=== Brief ===
Only the lines from the one that contains "Предварительный просмотр 7" to the last line below, both included, should be transcribed. Pictures stay out of the copy.

• • •

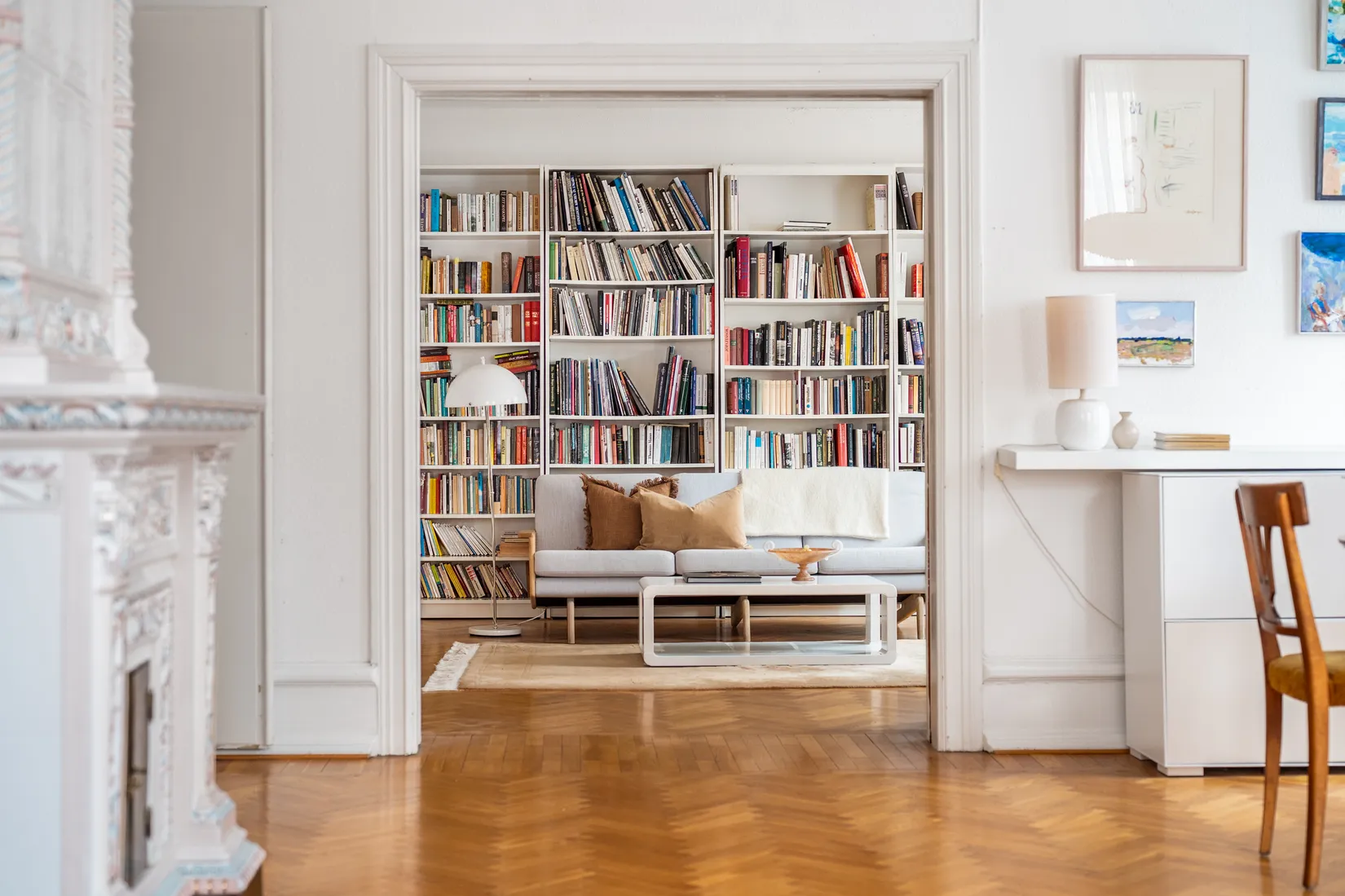 Bostadsrätt, Storgatan 41A, Davidshall, Malmö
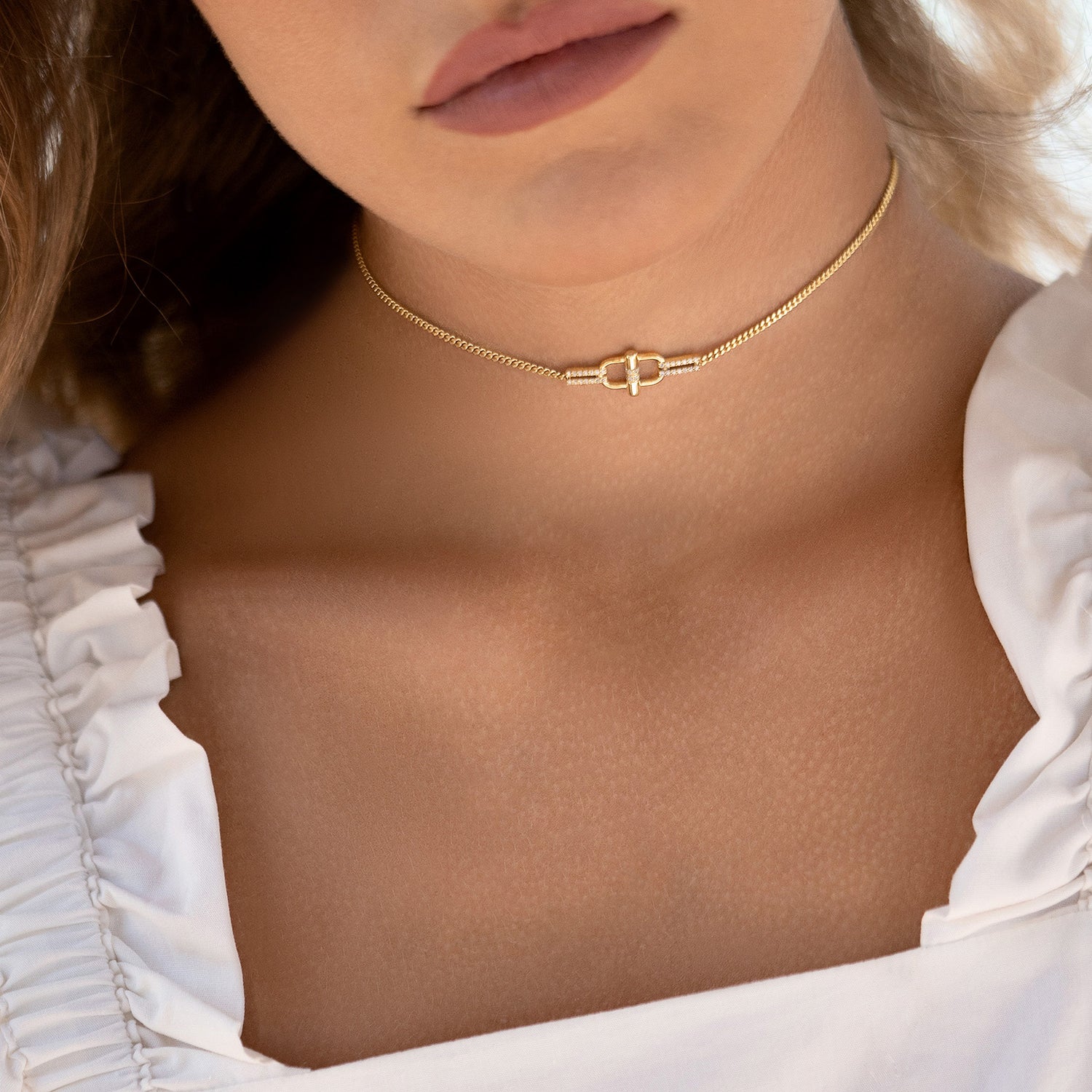 Baroque Choker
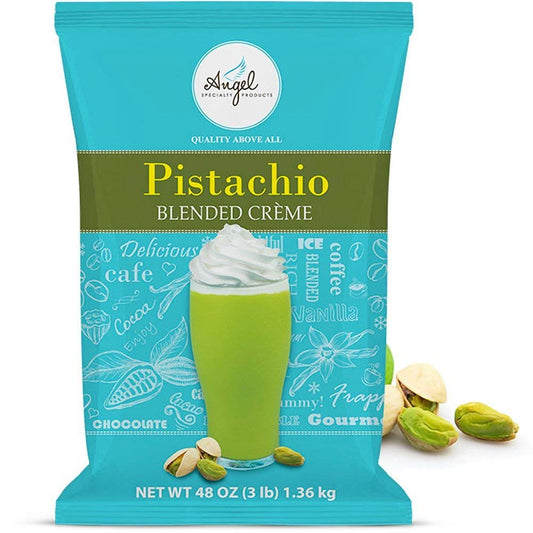 Pistachio Blended Crème Mix [3 LB]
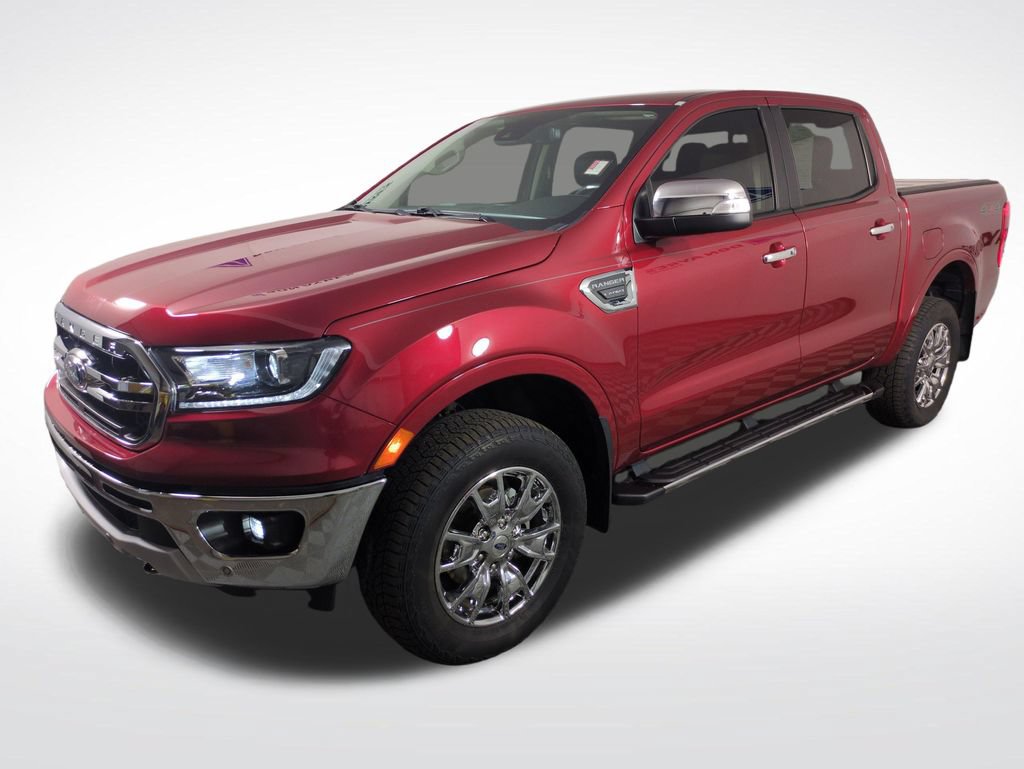 Used 2020 Ford Ranger Lariat w/ Equipment Group 501A Mid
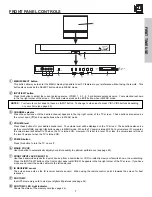 Предварительный просмотр 7 страницы Hitachi 51S700 Operating Manual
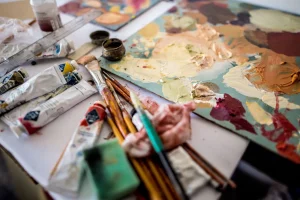 Arte terapia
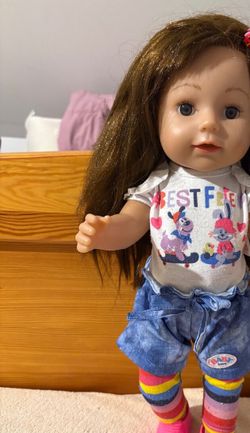 Baby Born Doll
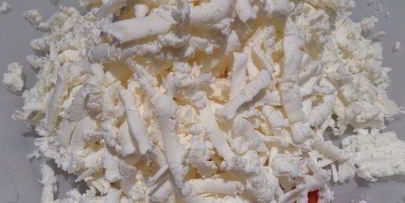 лепешки с брынзой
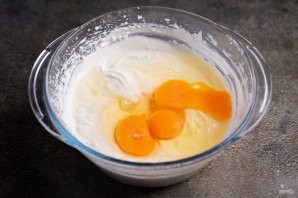 Чизкейк в аэрогриле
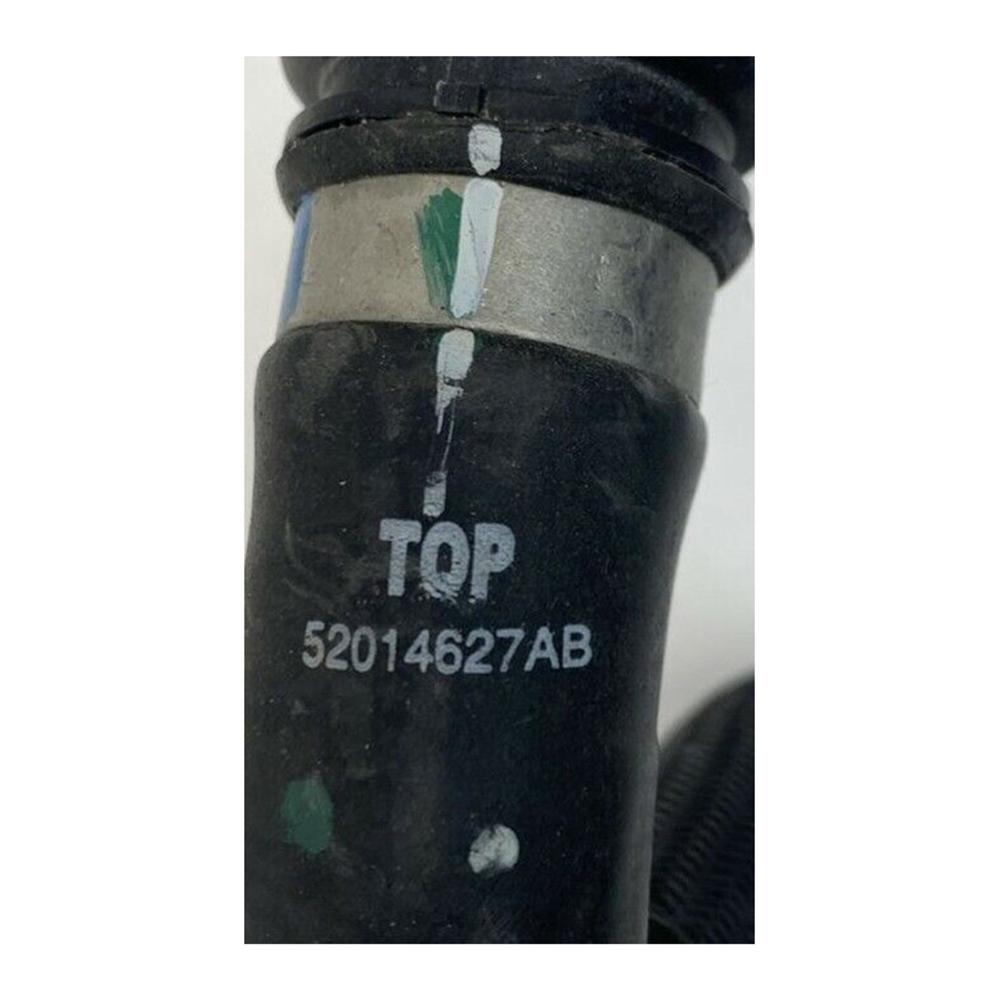 1 x Heater Hose HVAC Heater Core to Connector Return 52014627 For Jeep Chrysler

• • •

=== Response area ===
 Предварительный просмотр 7 страницы Hitachi 51S700 Operating Manual
 Arte terapia
 Baby Born Doll
 лепешки с брынзой
 Чизкейк в аэрогриле
 1 x Heater Hose HVAC Heater Core to Connector Return 52014627 For Jeep Chrysler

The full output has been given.